The opening months of the summer have been an energizing time at NewLimit. We’ve made geometric improvements on the performance of our reprogramming screening campaigns, built our first functional assays, and trained our first payload recommendation models using in-house data.
We also had the pleasure to welcome several new partners to the table with the close of our Series A.
As our Discovery Engine springs to life, we’re continuing to recruit talented builders across our Research and Operations departments. If you’d like to join us in developing reprogramming medicines, please reach out or apply on our website.
A few updates on our science & progress:
People
This month, we welcomed Ben Curtis as a Scientist on our Immunology team. Ben joins us from Michael Jensen’s lab at Seattle Children’s where he developed an innovative CRISPRa screening platform for primary T cells.
Atoms
High efficiency gene delivery in primary T cells
In April, we performed our first partial reprogramming screen in primary human T cells. This screen served as an exciting demonstration of our technology, but it’s only the v0 implementation of our Discovery Engine.
As with all v0 methods, there are many efficiency improvements to make!
Biochemical processes are traditionally evaluated along the dimensions of purity and yield. In short, purity is the fraction of your final output that actually contains your final product, and yield is the amount of your final output you can make. Usually, there’s a purity-yield trade-off at play as your optimize your process.
Our v0 T cell screening chemistry left room for improvement on both fronts. Given our approach, these issues largely stemmed from inefficient gene delivery.
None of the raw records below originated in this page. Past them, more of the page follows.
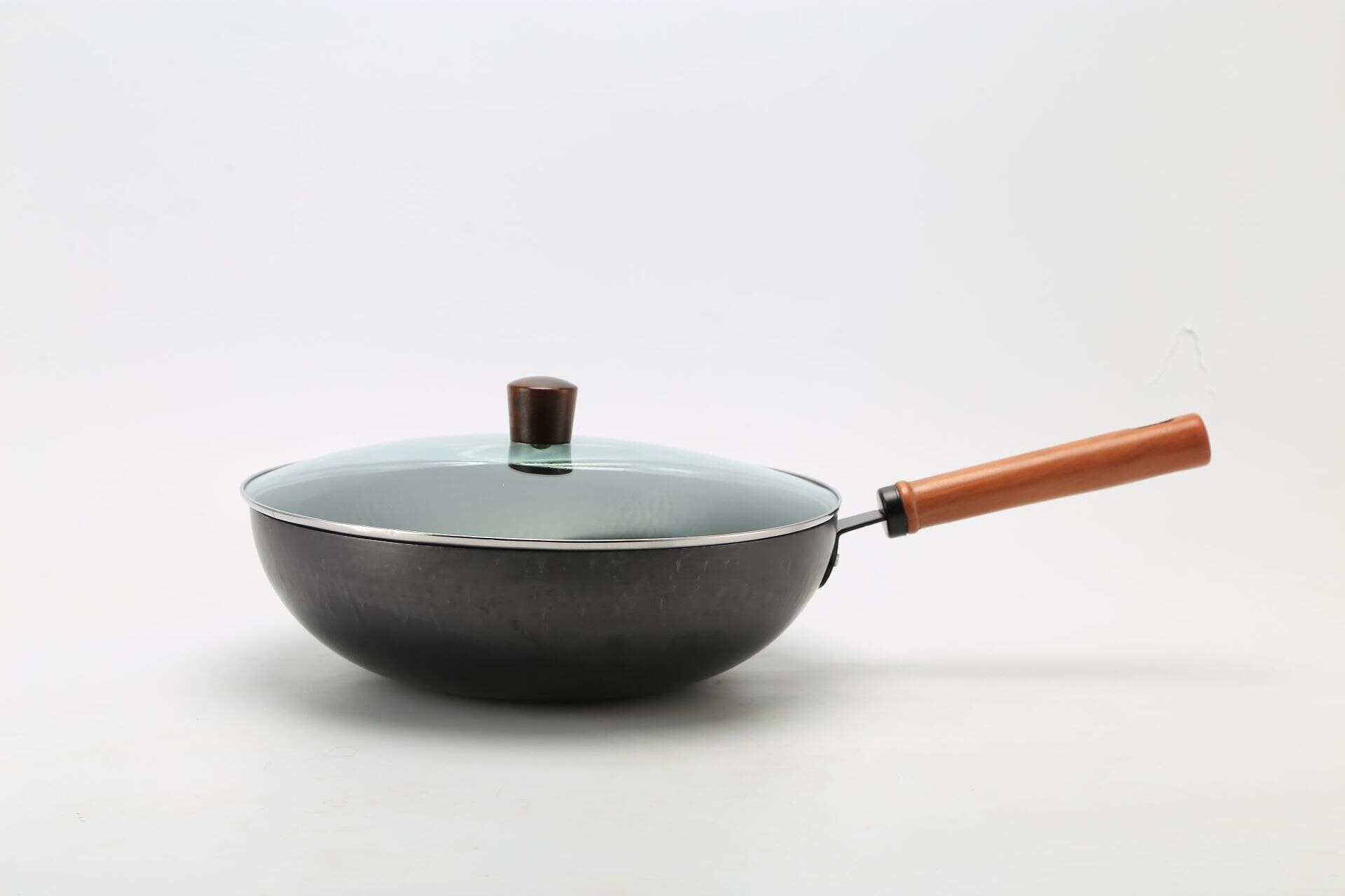 32Cm Nonstick Fry Pan Gehamerd Collection,Premium Carbon Stalen Wok Pan Met Deksel, vaatwasser En Oven Veilig Keuken Kookgerei Set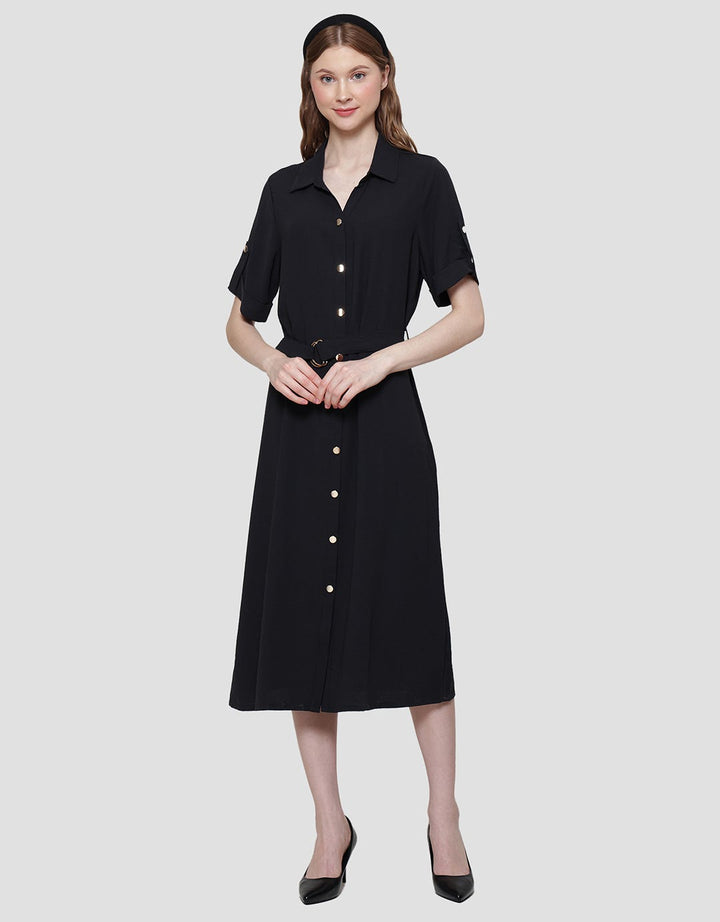 Connexion Gold Button Maxi Dress Wanita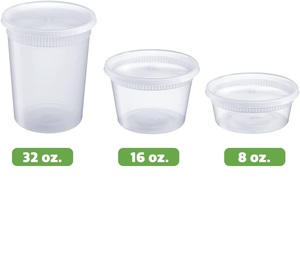 Combo Cốc Nhựa 8 Oz + 16 Oz + 32 Oz Hộp Đựng Đồ Hộp Đựng Thực Phẩm Có Nắp Đậy Kín Khí - Product Image 3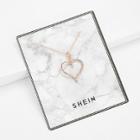 Shein Rhinestone Heart Pendant Chain Necklace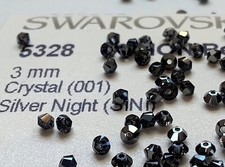 Swarovski Crystal Beads - 1440 Beads - 3mm Bicone - Crystal Silver Night 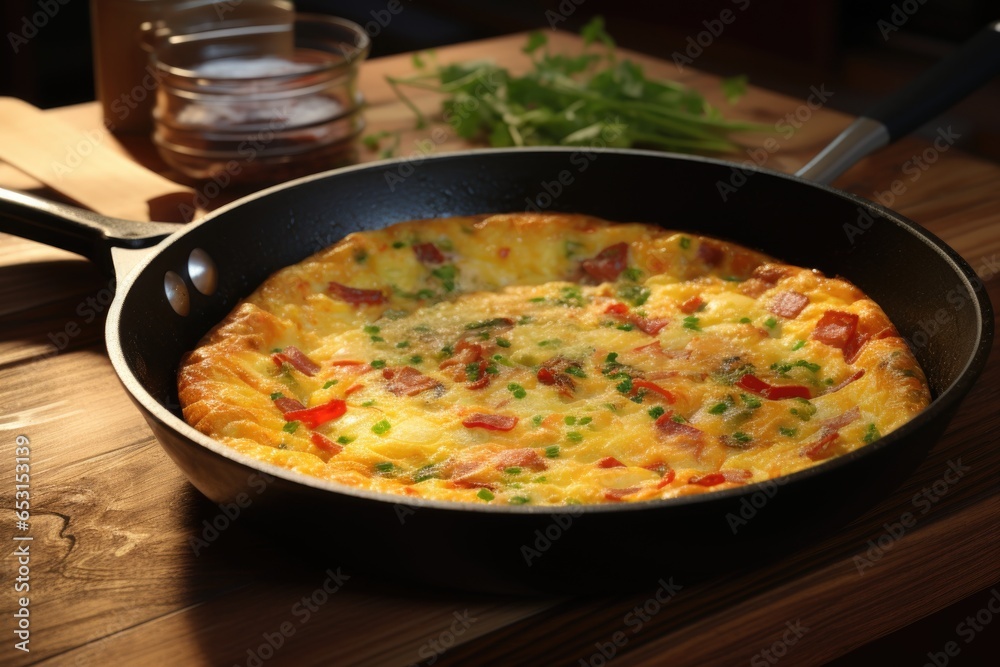 Frittata with ham on a plate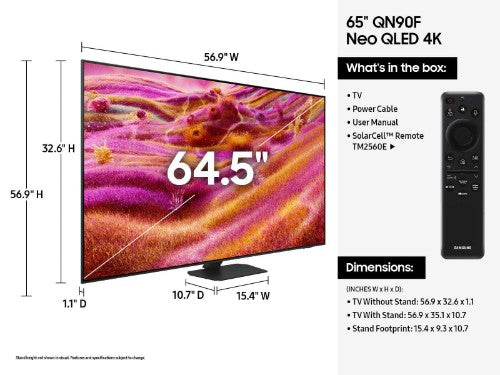 Samsung QN90F QN65QN90FAF 65" 4K Ultra HD Smart TV Wi-Fi Black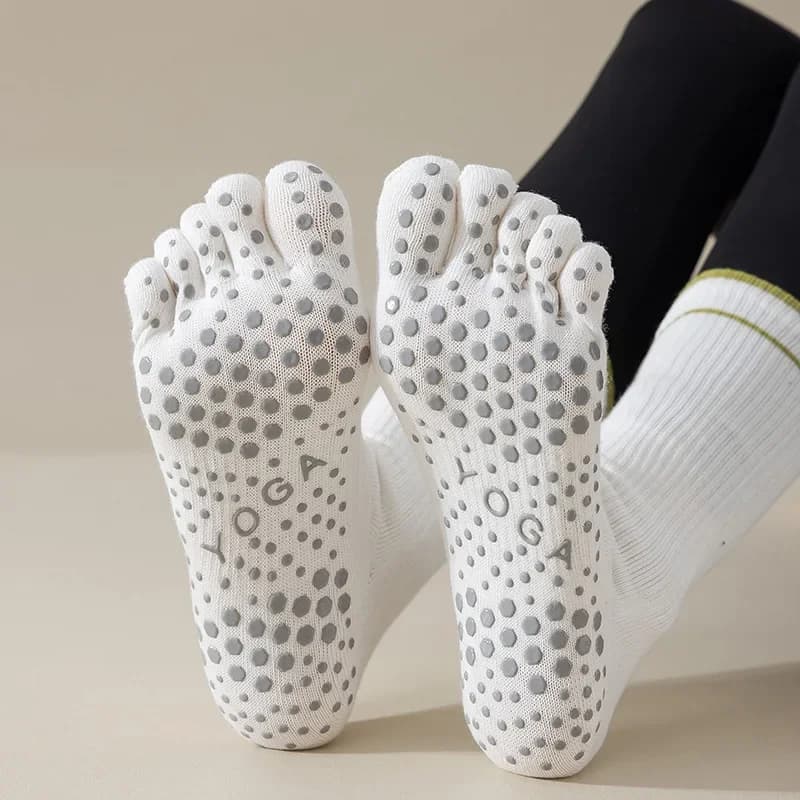 1 paio di nuovi calzini da yoga antiscivolo in silicone a cinque dita, morbidi e traspiranti, per danza classica, fitness, sport, calzini antiscivolo per pilates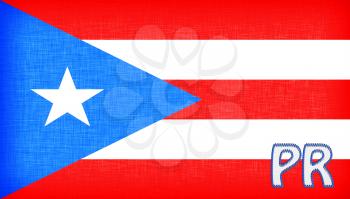 Linen flag of the US state of Puerto Rico with it's abbreviation stitched on it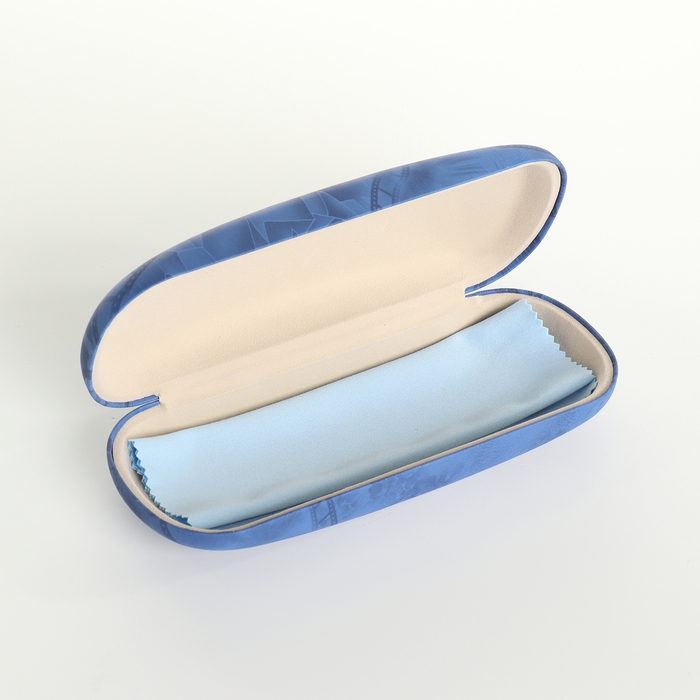 Футляр для очков на хлопушке, длина 16 см, цвет синий Футляр для очков на хлопушке, длина 16 см, цвет синий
In May and June, we iterated several times to implement a v1 of our chemistry that dramatically improved gene delivery performance and allowed us to increase purity by 2X and yield by >4X.
Function is the final boss
Our goal at NewLimit is to improve cell function to treat age-related diseases. Our Discovery Engine finds reprogramming factor sets that shift aged cell profiles to resemble youthful cell profiles, but this phenotypic similarity is only a hint that a reprogramming intervention might be therapeutic.
More than phenotypic similarity, we’re interested in testing if a reprogramming intervention improves cell function. In order to do that, we need a rigorous set of functional assays to evaluate the efficacy of reprogramming sets.
In June, our Immunology team developed the first three functional assays in our panel and found strong age-related differences across two of the three. With this bedrock in place, we can begin to validate early hits from our Discovery Engine.
Bits
Learned representations of cell age enable rejuvenation screens
In order to discover factors that reprogram cell age, we first need to be able to measure it.
Cell age is a tricky phenotype to quantify — there isn’t a singular molecular marker we can rely on to predict all of the functional consequences of aging that we’re interested in. Rather than searching for a single molecular biomarker, NewLimit is building machine learning models that allow us to infer cell age from cell profiles (previously discussed in our February 2023 Progress Update).
We’ve continued to expand and improve these models in the first half of 2023. Across three versions of our model, we’ve seen consistent performance gains as we accumulate a larger training set and improve our modeling approach.
In June we applied these methods for the first time to evaluate the impact of diverse reprogramming interventions on cell age in primary T cells.
This experiment is but the first in a series of many, but highlights how machine learning models enable to ask otherwise intractable biological questions like — “Does this reprogramming factor set make old cells look younger?”
Recommending reprogramming payloads
No matter how clever we are in the world of atoms, we’ll never be able to test more than a small fraction of possible reprogramming sets.
We’re therefore building payload recommendation models to predict the effect of unseen reprogramming interventions and help select the most promising sets for our next round of experiments.
Our corpus of partial reprogramming data has grown large enough that we can now train our first in silico reprogramming models. Over the course of May and June, we’ve seen consistent performance improvements and now achieve performance superior to existing state-of-the-art methods.
This is still a very early version of our ultimate model, but we’re excited to see our modeling efforts yield dividends even early in the development of our Discovery Engine!